SPA / cache-timing — Fixsliced AES (``T1-A``)
=============================================

Principle of the attack
-----------------------

AES table-based implementations leak through cache-line access
patterns:

* The S-box is a 256-byte LUT that fits in 4 cache lines (64-byte
  lines). The first round of AES indexes 16 bytes of the input
  XOR-ed with the round key; observing which cache lines are
  accessed reveals the high bits of each ``byte ^ K[i]``.
* Combined T-table implementations (which fold ShiftRows and
  MixColumns into 4 KiB of pre-computed tables) leak an even
  larger fraction of the round-1 state.

Original references: :cite:`bernstein2005_aes_cache_timing`,
:cite:`osvik2006cache_aes`. Modern variants exploit Flush+Reload,
Prime+Probe, and shared-LLC contention against co-resident
attackers.

Countermeasure
--------------

**Fixsliced bitslice AES** (Adomnicai-Peyrin TCHES 2021/1,
:cite:`adomnicai2021_fixslicing_aes`) is the current SOTA for
constant-time AES on Cortex-M and RISC-V:

* Bit-slices 8 blocks of AES at once into 8 32-bit registers
  (one bit position per register). The S-box becomes a sequence
  of bitwise operations on registers — no memory loads, no
  branches.
* Unlike classical bitslicing, fixslicing keeps each bit at a
  fixed register position across rounds, eliminating the heavy
  inter-round shuffling that earlier bitsliced AES paid for
  ShiftRows.
* Reported performance: **80 cycles/byte on Cortex-M**, **91
  cycles/byte on RISC-V** (E31), 21 % / 26 % faster than the
  prior bitsliced records on those platforms.
* RAM footprint: 4 × less than classical bitslice (round keys are
  smaller since the bit positions are fixed).

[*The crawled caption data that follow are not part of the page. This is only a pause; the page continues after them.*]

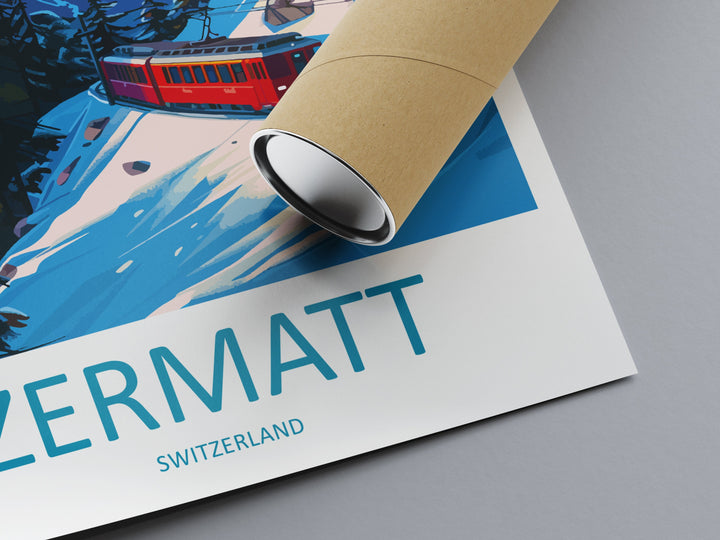 Zermatt Travel Print Wall Art Zermatt Wall Hanging Home Décor Zermatt Gift Art Lovers Ski Art Lover Gift Zermatt Print Skiing Zermatt Art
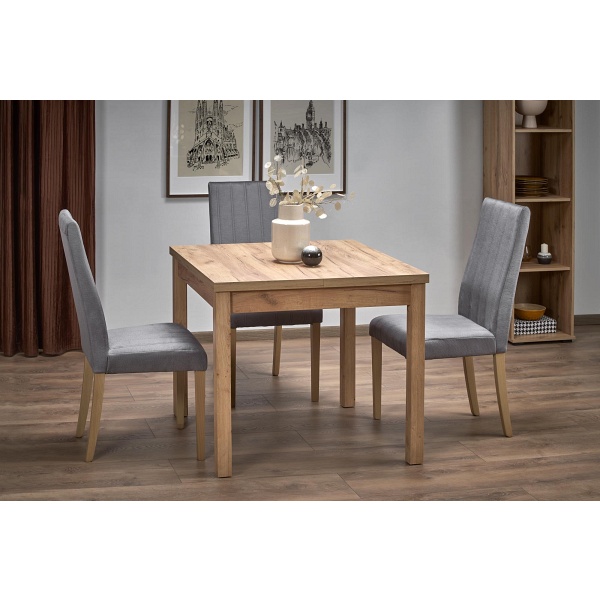 Stół TIAGO KWADRAT rozkładany 90-125/90 blat: dąb craft, nogi: dąb craft - Halmar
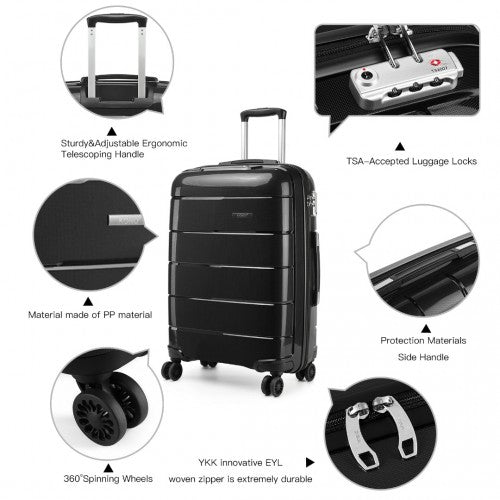 Kono K1997L 20/24/28-inch black luggage set – side view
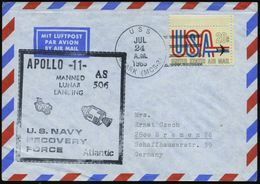 U.S.A. 1969 (24.7.) 1K-BPA (Killer): U S S / CLARK (MCS-2) = Bergungsschiff US-Navy+ Schw. HdN: APOLLO - 11/MANNED/ LUNA - USA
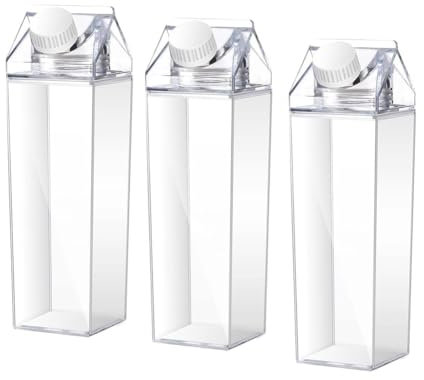 Asyduey 3 Pièces 1000 ML Bouteille d'eau de Lait Bouteille de Café en Plastique Carrée Bouteille de Lait Portable Réutilisable Bouteille de Jus Étanche pour Le Camping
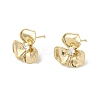 Brass Pave Clear Cubic Zirconia Flower Stud Earring Findings KK-A275-01A-G-1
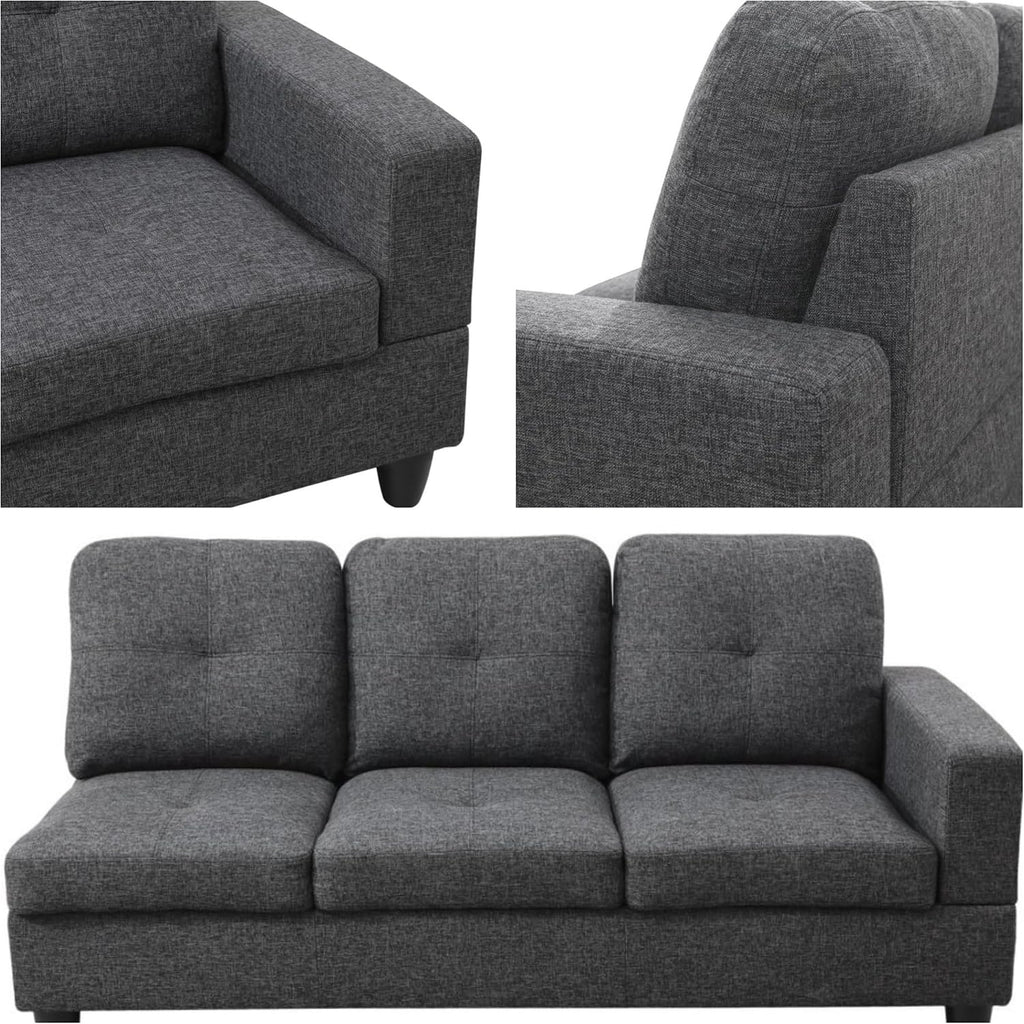 103.5' Sectional Couches for Living Room, Leather 4 Seat L Shaped Couch with Chaise, 3-Piece Modular Sofa with Storage Ottoman, Home Furniture Sets for Apartment Office, Black Grey
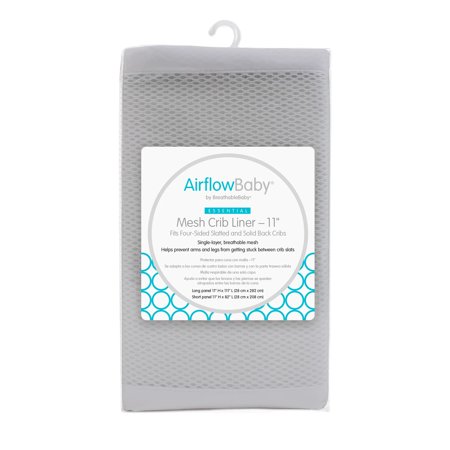 UPC: 0811283023637 | AirflowBaby Breathable Mesh Liner for Full-Size Cribs 11 H (23cm) Essential 2mm Mesh Gray (Size 4FS Covers 3 or 4 Sides)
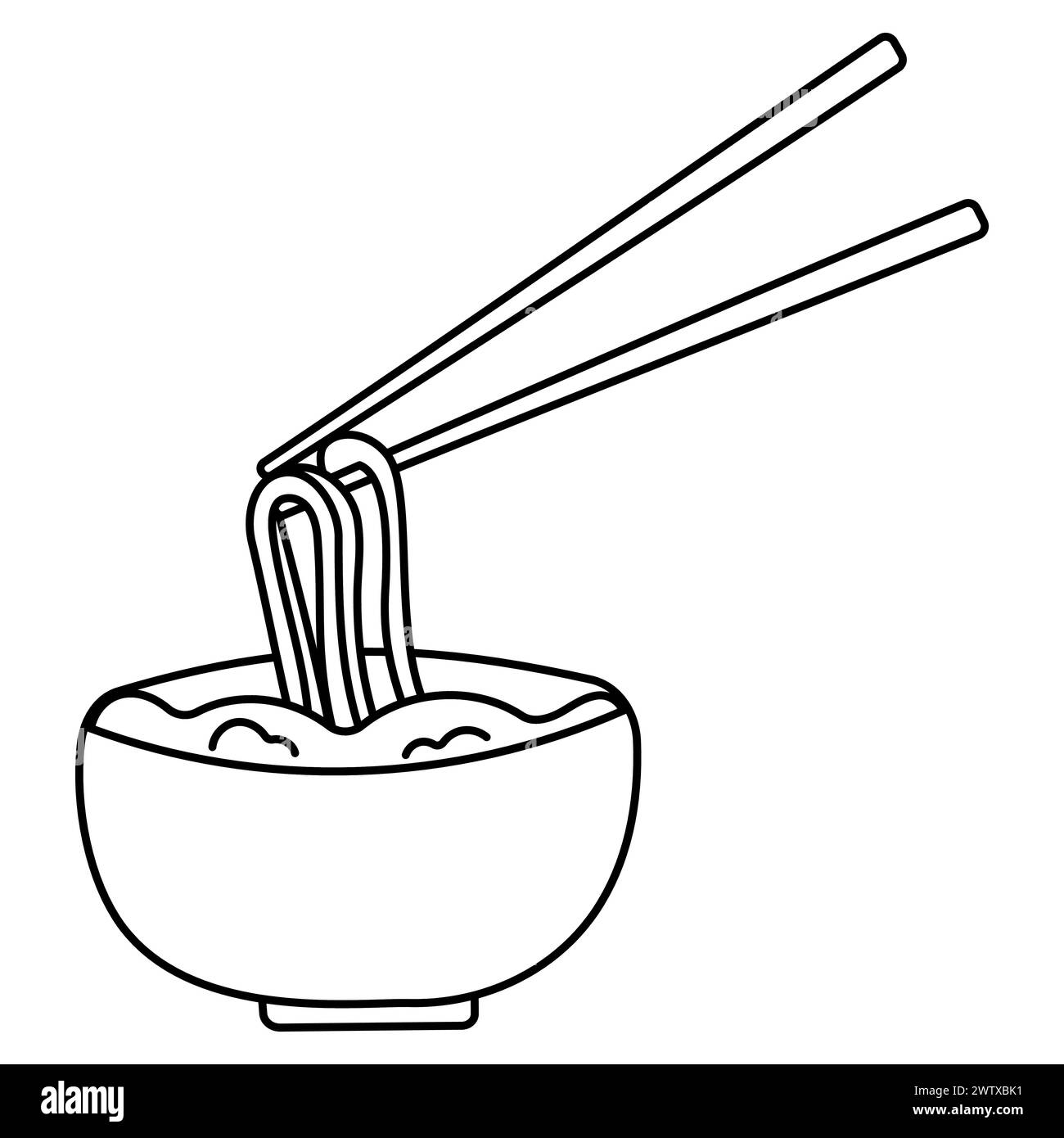 A household supply tool, chopsticks, stick out of a bowl filled with noodles. The balance of carmine soup adds a pop of color to the interior design. Stock Vector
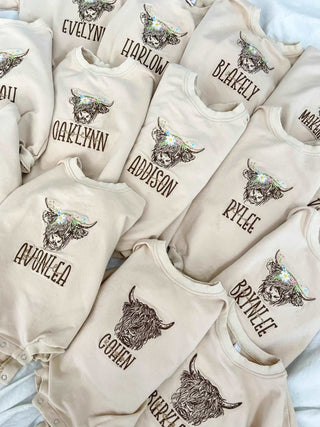 Personalized Highland cow romper - Bella Rose Chic Boutique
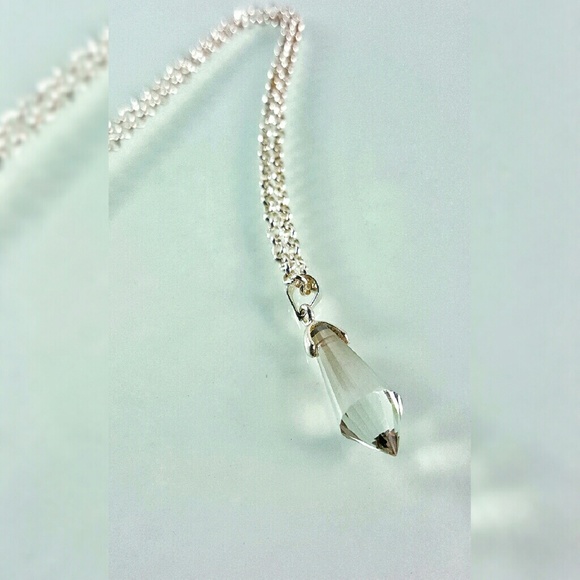 Smoke Gray Glass Crystal Point Pendant Necklace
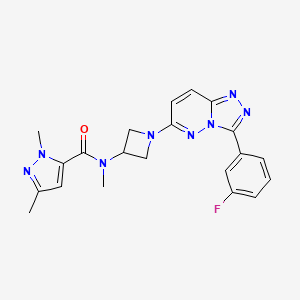N-[1-[3-(3-Fluorophenyl)-[1,2,4]triazolo[4,3-b]pyridazin-6-yl]azetidin-3-yl]-N,2,5-trimethylpyrazole-3-carboxamide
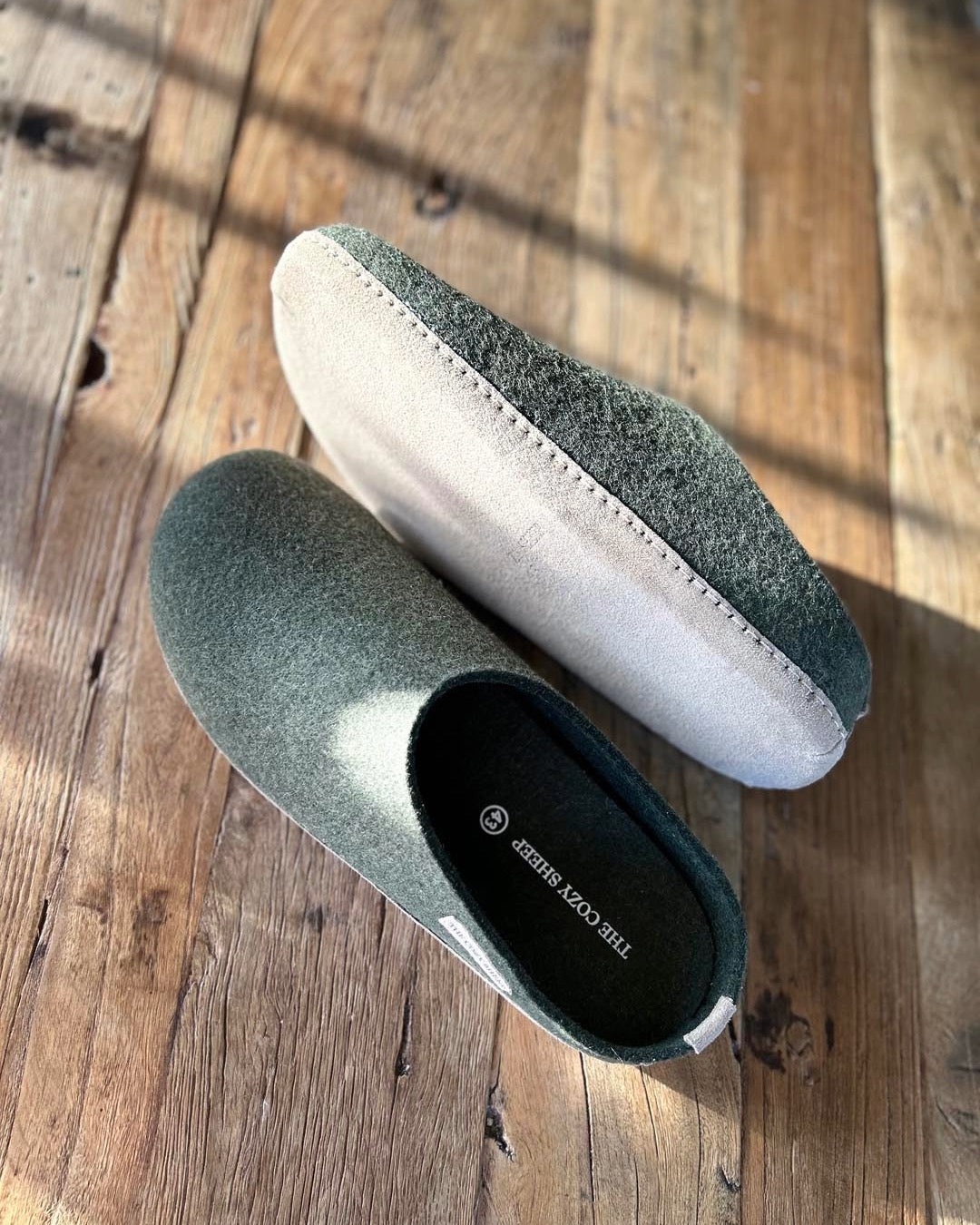 Tøffel med skindsål – Forest Green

Reference implementation: `aadomn/aes <https://github.com/aadomn/aes>`_
on GitHub, MIT-licensed.

Implementation route in arcana
------------------------------

1. Port the public-domain fixsliced AES from ``aadomn/aes`` to
   ``arcana::cipher::aes_bitsliced`` as a separate module.
   Pure Rust, no external crates (compatible with the workspace's
   zero-deps rule).
2. Behind a feature flag ``aes-fixsliced`` (off by default to keep
   the diff reviewable; promotion to default after KAT validation).
3. Validate against the full FIPS 197 + NIST CAVP AES KAT corpus
   already in arcana — bit-identical output to the table-based
   variant.
4. Run dudect (``T3-B``) on a Cortex-M target and confirm
   ``|t| < 4.5`` for fixed-vs-random key inputs.
5. Once stable, switch the default ``Aes128`` / ``Aes192`` /
   ``Aes256`` types to dispatch to the fixsliced backend on
   targets where 32-bit registers are present (Cortex-M3 and up,
   RISC-V RV32 and up); keep the table-based variant only as a
   fallback for Cortex-M0 (which has fewer bit-manipulation
   instructions and is bandwidth-bound).

GMAC GF(2^128) multiplier (``T2-H``)
====================================

The current arcana GHASH (``cipher::modes::gcm::gf128_mul``)
**must** be audited and probably rewritten. A naive shift-and-XOR
multiply over GF(2^128) leaks via the conditional XOR; the standard
fix is a constant-time carry-less software multiply (``clmul``
emulation). On hosts with PCLMULQDQ (x86_64) or PMULL (aarch64) a
hardware backend is the right answer; on embedded targets the
bitsliced approach of :cite:`kasper2009aes_gcm_bitsliced` is the
reference.

DPA and template attacks — masked AES (``T2-G``)
================================================

Once ``T1-A`` lands and the round function operates on bitsliced
state, the DPA target shifts: there is no per-byte SubBytes
intermediate to model. However the bitsliced state is still
secret-dependent, so first-order DPA on the loaded round-key state
remains feasible.

The intended countermeasure is **first-order Boolean masking**:
each bit of the bitsliced state is split into two shares
``s = s0 ⊕ s1`` with ``s0 ← rng()``; the round function operates
on each share independently and the linear layer (ShiftRows,
MixColumns) commutes with XOR. The S-box is the only non-linear
layer; the standard answer is the *masked AND gate* of
:cite:`trichina2003masked` (or higher-order TI masking
:cite:`bilgin2014threshold_aes` for a stronger threat model).

Implementation hooks:

* The masked AES will live behind the same ``sca-protected``
  feature flag as quantica's masking layer (already present in the
  workspace), keeping the `Cargo features` story consistent.
* Cost expectation: ~3 – 5 × the unmasked fixsliced AES per the
  literature.
* Validation: dudect on Cortex-M target + KAT regression.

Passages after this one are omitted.